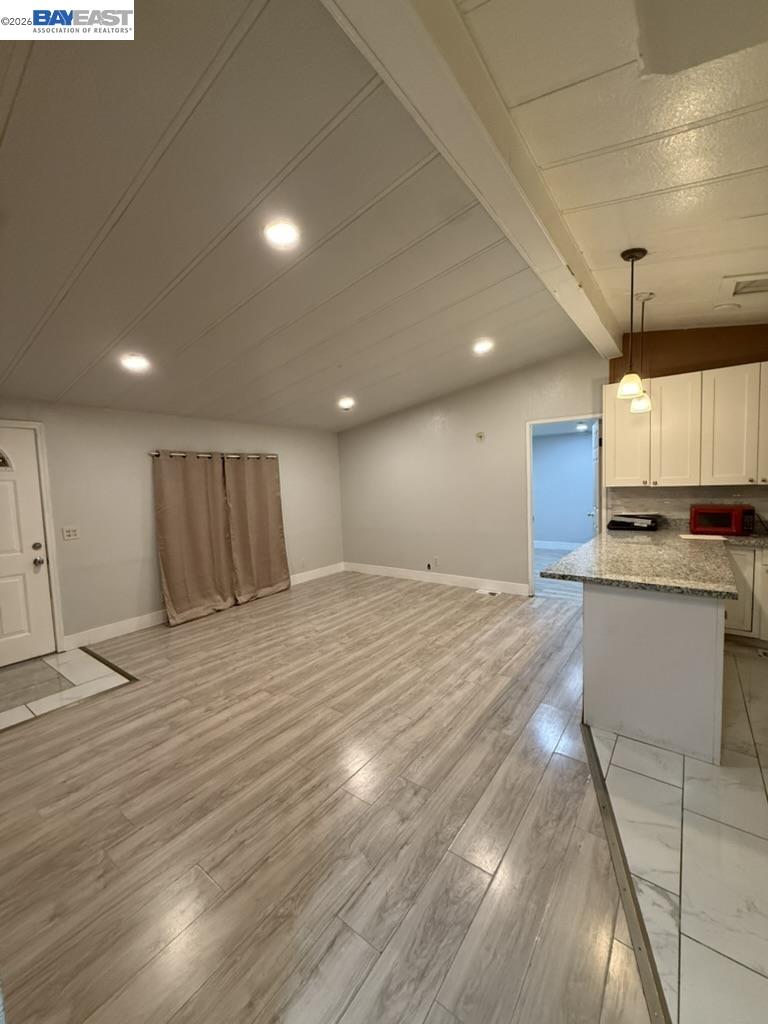 4404 Raiders Way, Unit 81 Modesto, CA 95355 - Photo 9 of 17 a big room with wooden floor kitchen view and a window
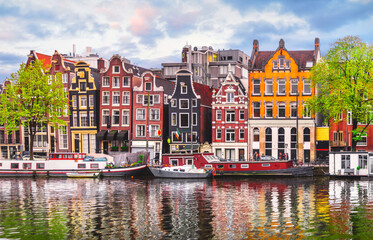 Amsterdam Netherlands dancing houses over river Amstel landmark in old european city spring landscape.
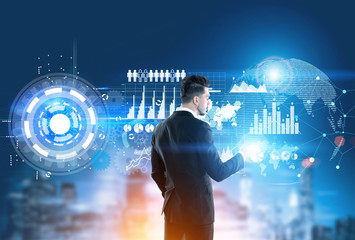 Man working with data in a city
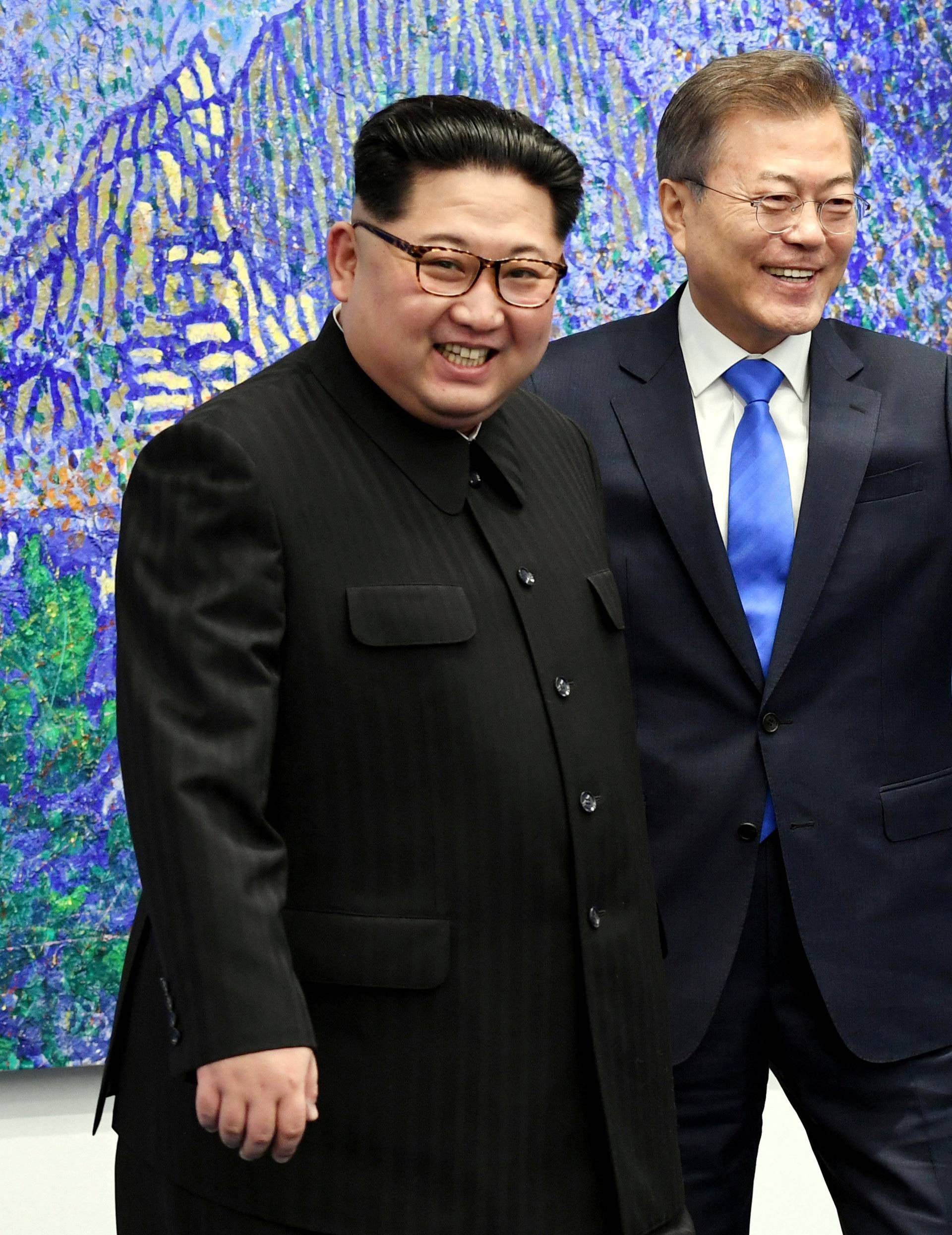 South Korean President Moon Jae-in meets with North Korean leader Kim Jong Un at the Peace House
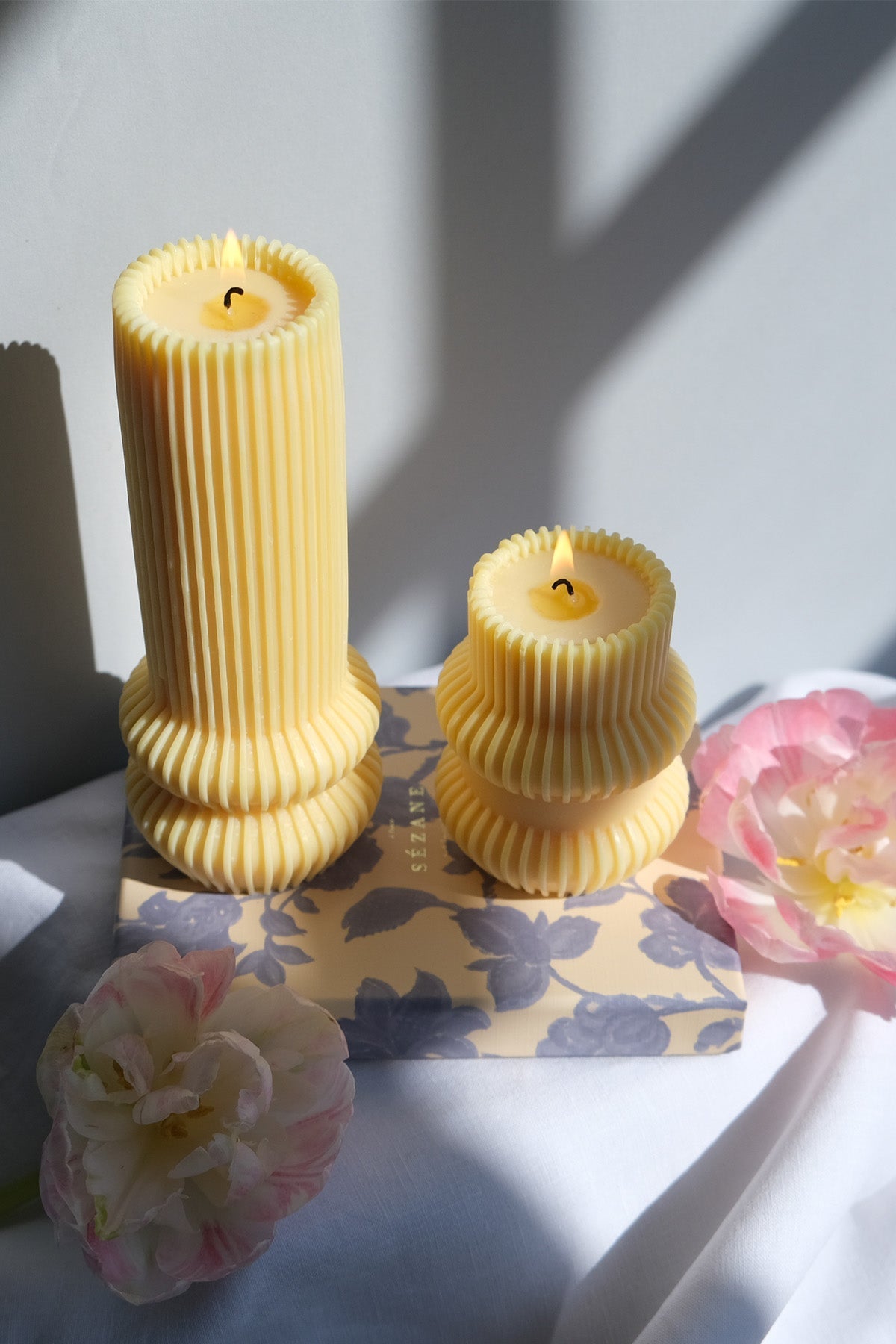 Two pale yellow striped pillar candles with vertical ribbing and tiered base design for home decor
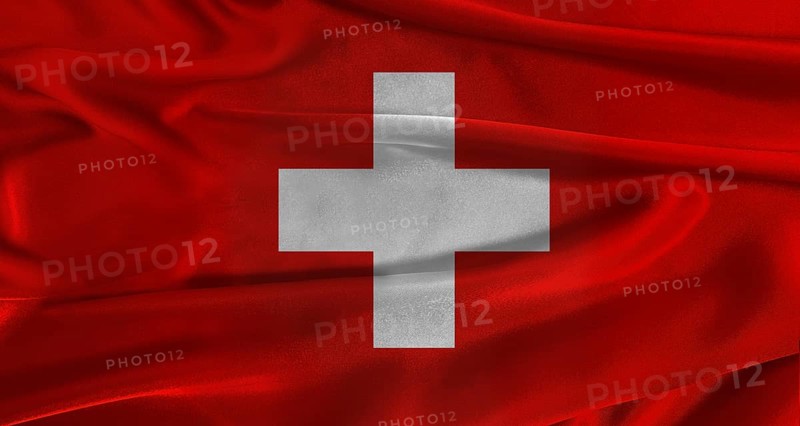 Flag of Switzerland with fabric textured background. Close up of National flag of Switzerland with realistic texture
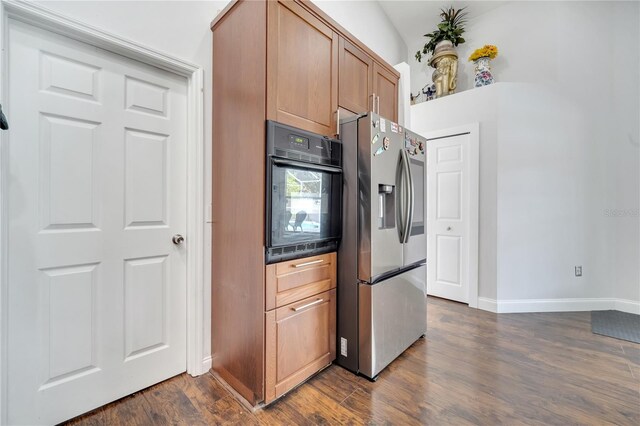 149 Imperial Oak Ct, Davenport, FL 33896 - kitchen with stainless steel fridge with ice dispenser, oven, dark wood-type flooring, baseboards, and brown cabinets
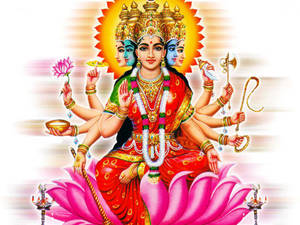 多臂印度教女神坐在粉紅蓮花上，手持神聖物品。
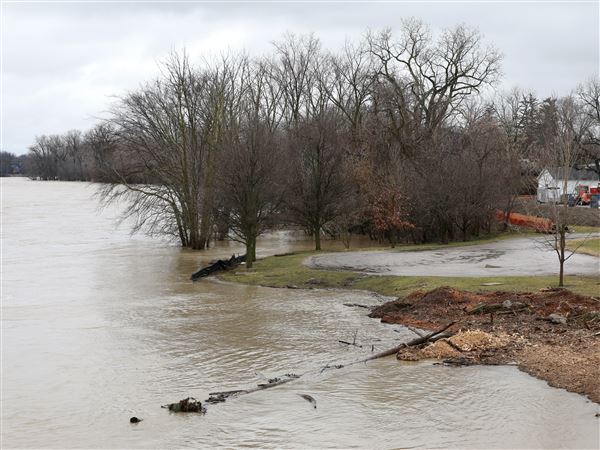 Tuesday's record warmth long gone, but region's river flooding persists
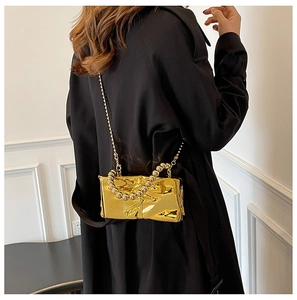 Close-up of golden mirror acrylic mini bag with beaded handle on a black coat
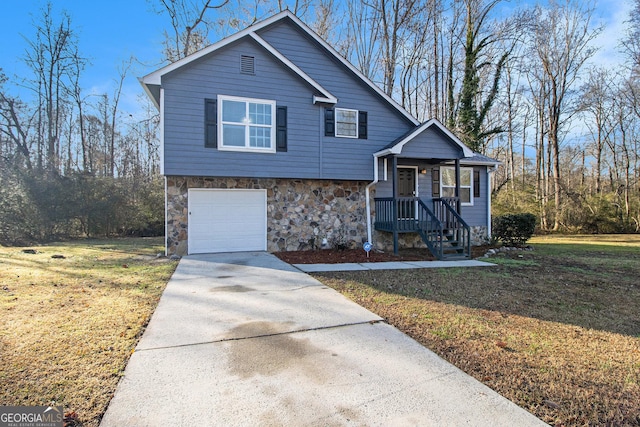 view of front facade with a garage and a front lawn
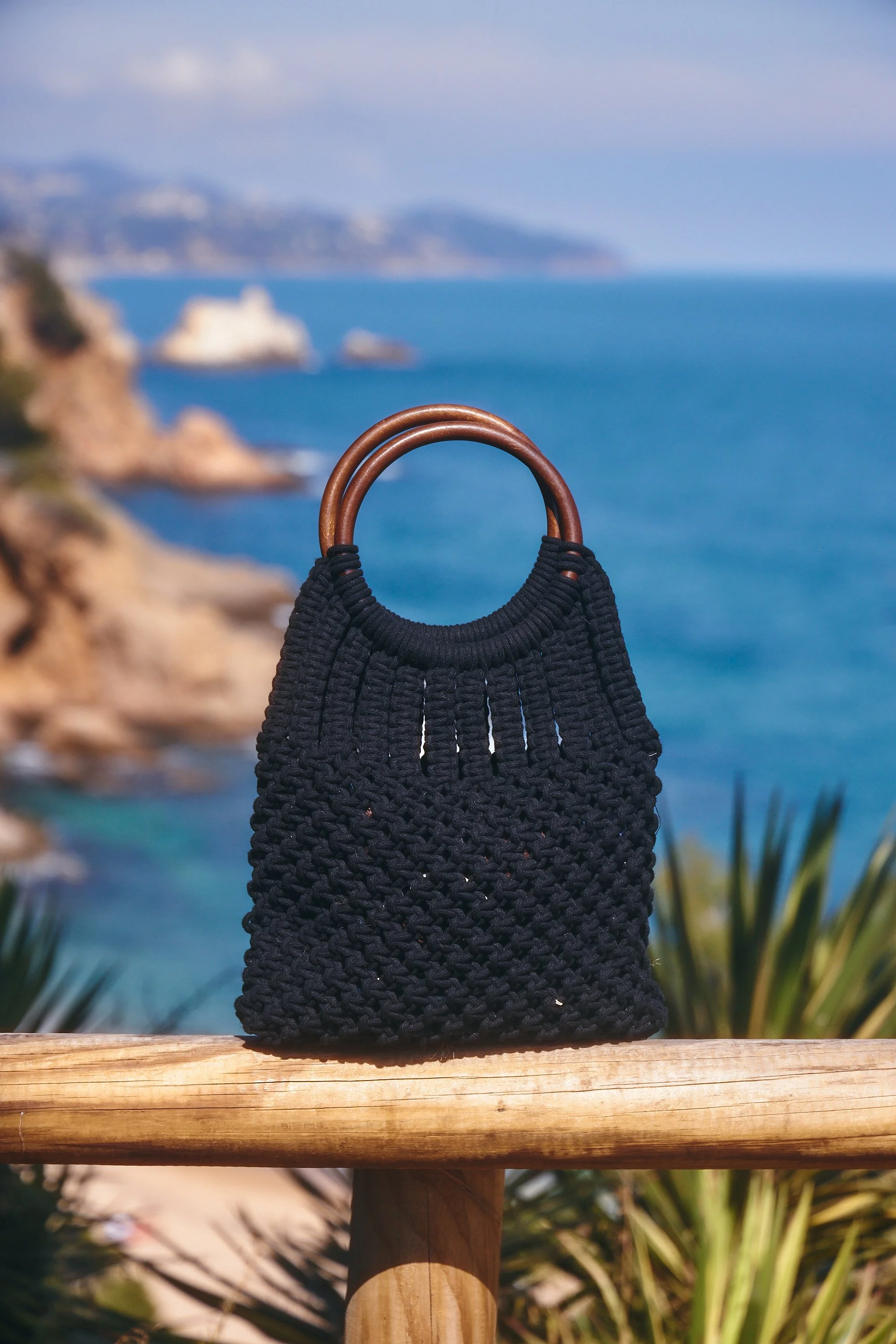 A black woven bag with wooden handles sits on a wooden railing, with a scenic ocean view and rocky cliffs in the background.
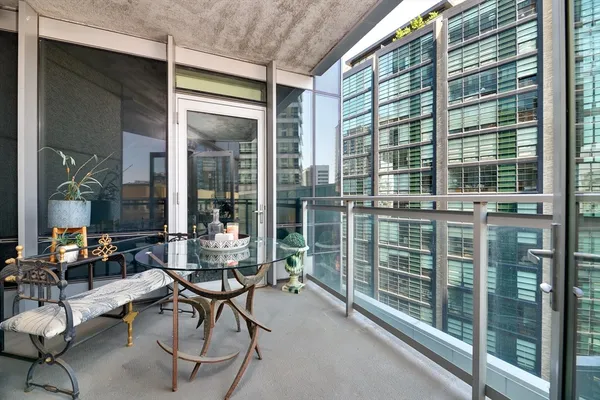 a room with lots of furniture and windows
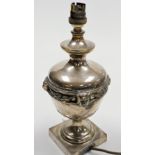 An early 20thC silver plated table lamp, of baluster form, with relief moulded lion mask decoration,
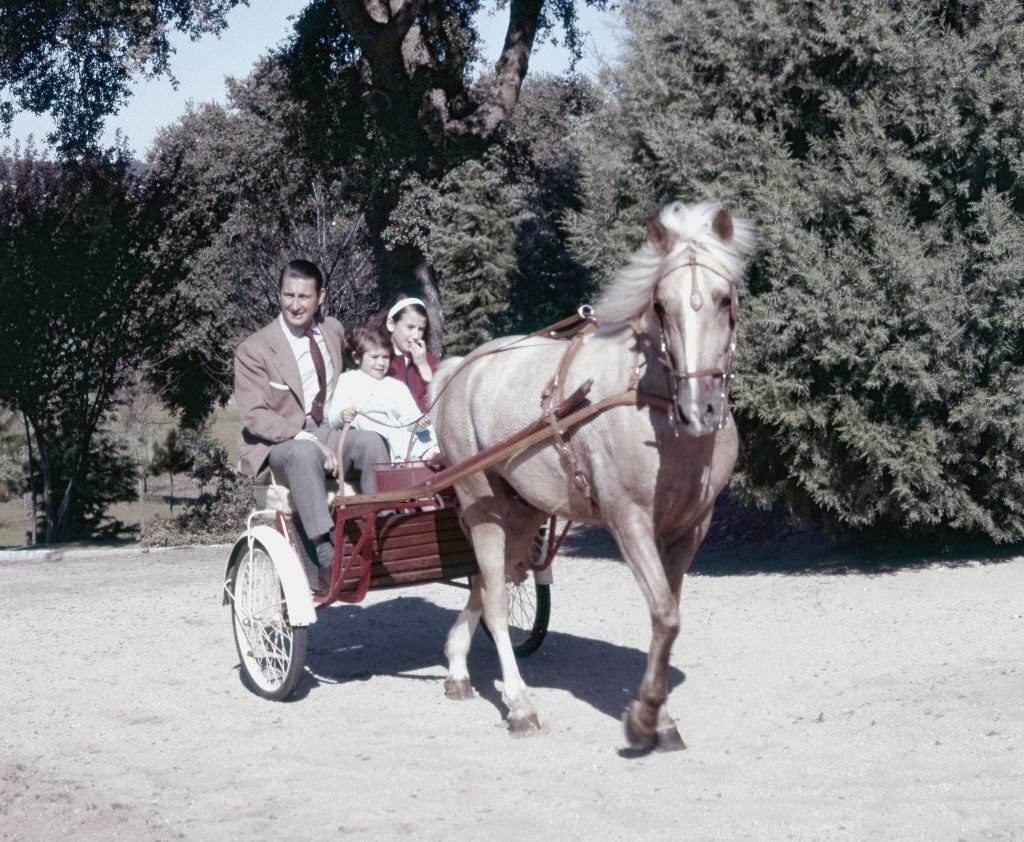 Spanish aristocrat Cristobal Martinez Bordiu, Marquis of Villaverde, in a carriage ride with his children in the garden of Pardo Palace, Madrid, Spain, 1962.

====================

When you reach a picture, pass over it; write out all other material exactly.

EXERCISE SOLUTION:
 4404 Raiders Way, Unit 81 Modesto, CA 95355 - Photo 9 of 17 a big room with wooden floor kitchen view and a window
 Amsterdam Netherlands dancing houses over river Amstel landmark in old european city spring landscape.
 Man working with data in a city
 South Korean President Moon Jae-in meets with North Korean leader Kim Jong Un at the Peace House
 Two pale yellow striped pillar candles with vertical ribbing and tiered base design for home decor
 Flag of Switzerland with fabric textured background. Close up of National flag of Switzerland with realistic texture
 149 Imperial Oak Ct, Davenport, FL 33896 - kitchen with stainless steel fridge with ice dispenser, oven, dark wood-type flooring, baseboards, and brown cabinets
 多臂印度教女神坐在粉紅蓮花上，手持神聖物品。
 Tuesday's record warmth long gone, but region's river flooding persists
 Close-up of golden mirror acrylic mini bag with beaded handle on a black coat
 view of front facade with a garage and a front lawn
 A black woven bag with wooden handles sits on a wooden railing, with a scenic ocean view and rocky cliffs in the background.
 a room with lots of furniture and windows
 An early 20thC silver plated table lamp, of baluster form, with relief moulded lion mask decoration,
 Spanish aristocrat Cristobal Martinez Bordiu, Marquis of Villaverde, in a carriage ride with his children in the garden of Pardo Palace, Madrid, Spain, 1962.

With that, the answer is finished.